● **Action item**
Write out every entry exactly; the pictures do not belong in the copy.

● **Data shown**
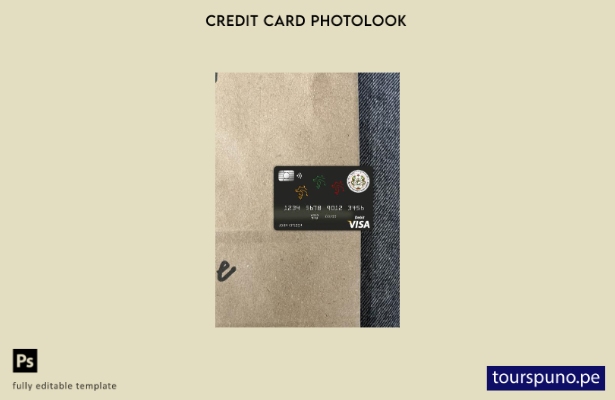 listo para imprimir plantilla frontal de aspecto fotográfico de tarjeta visa  48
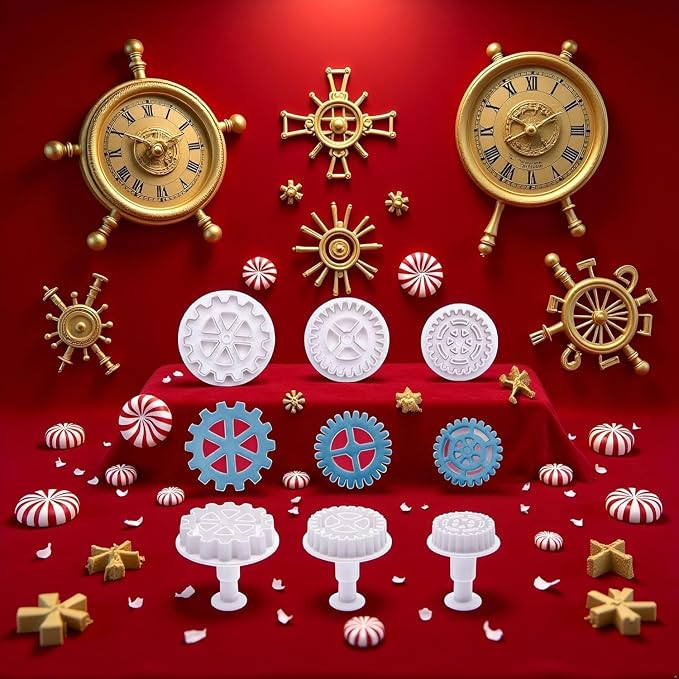 3Pcs Gear Cookie Cutters, Steampunk Cogs Plunger Mold, 3D Gear Cookie Stamp Mold, Clock Wheel Biscuits Fondant Molds for Cake Cookie food Decoration Cookie Cutters Baking Tools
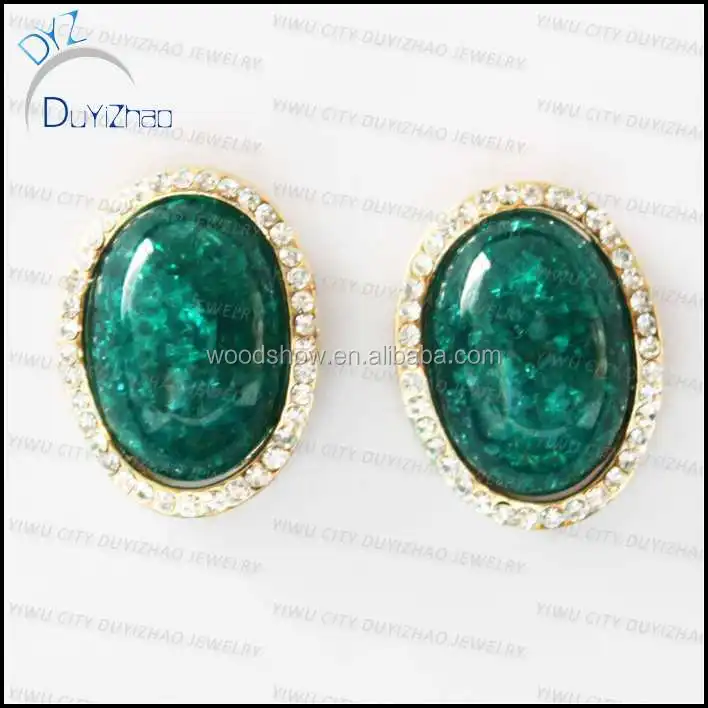 green gemstone stud earrings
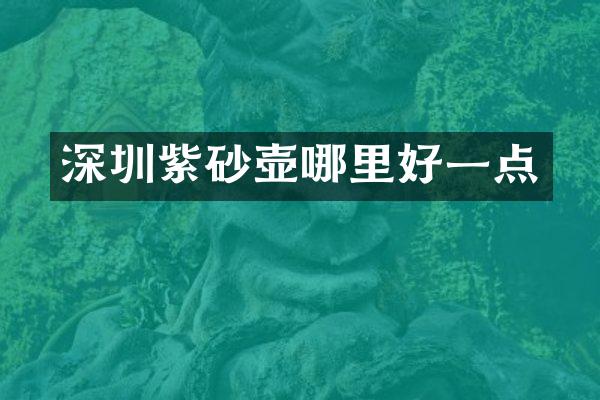 深圳紫砂壶哪里好一点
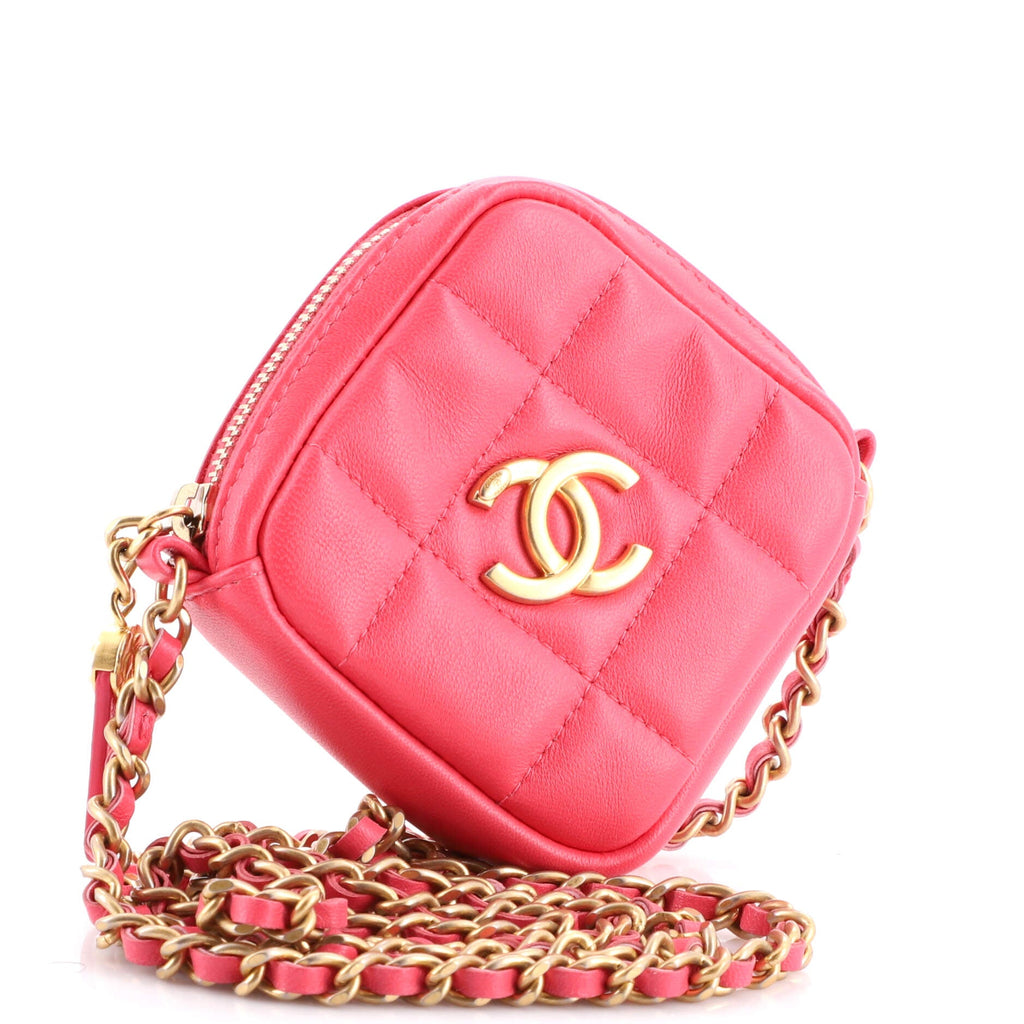 Diamond Clutch with Chain Quilted Lambskin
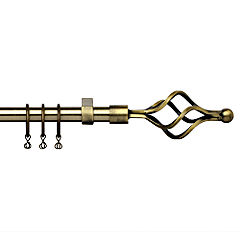 Tu Antique Brass Effect Curtain Pole with Cage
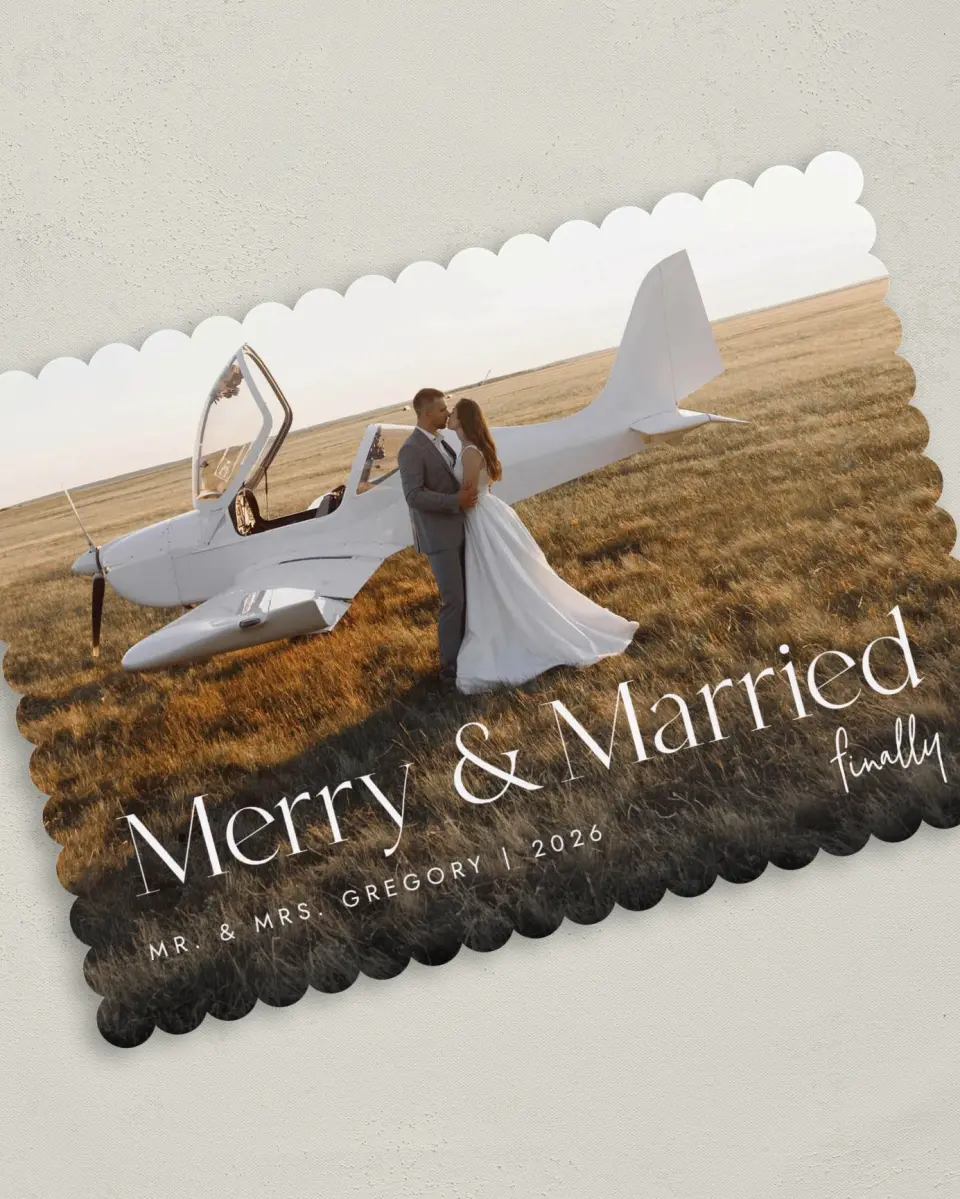 This is a 5" x 7" Christmas Card called Finally Married printed in full color on Premium Smooth paper on Premium Smooth paper on Premium Smooth paper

● **Solution to the problem**
 listo para imprimir plantilla frontal de aspecto fotográfico de tarjeta visa  48
 3Pcs Gear Cookie Cutters, Steampunk Cogs Plunger Mold, 3D Gear Cookie Stamp Mold, Clock Wheel Biscuits Fondant Molds for Cake Cookie food Decoration Cookie Cutters Baking Tools
 green gemstone stud earrings
 深圳紫砂壶哪里好一点
 Diamond Clutch with Chain Quilted Lambskin
 Tu Antique Brass Effect Curtain Pole with Cage
 This is a 5" x 7" Christmas Card called Finally Married printed in full color on Premium Smooth paper on Premium Smooth paper on Premium Smooth paper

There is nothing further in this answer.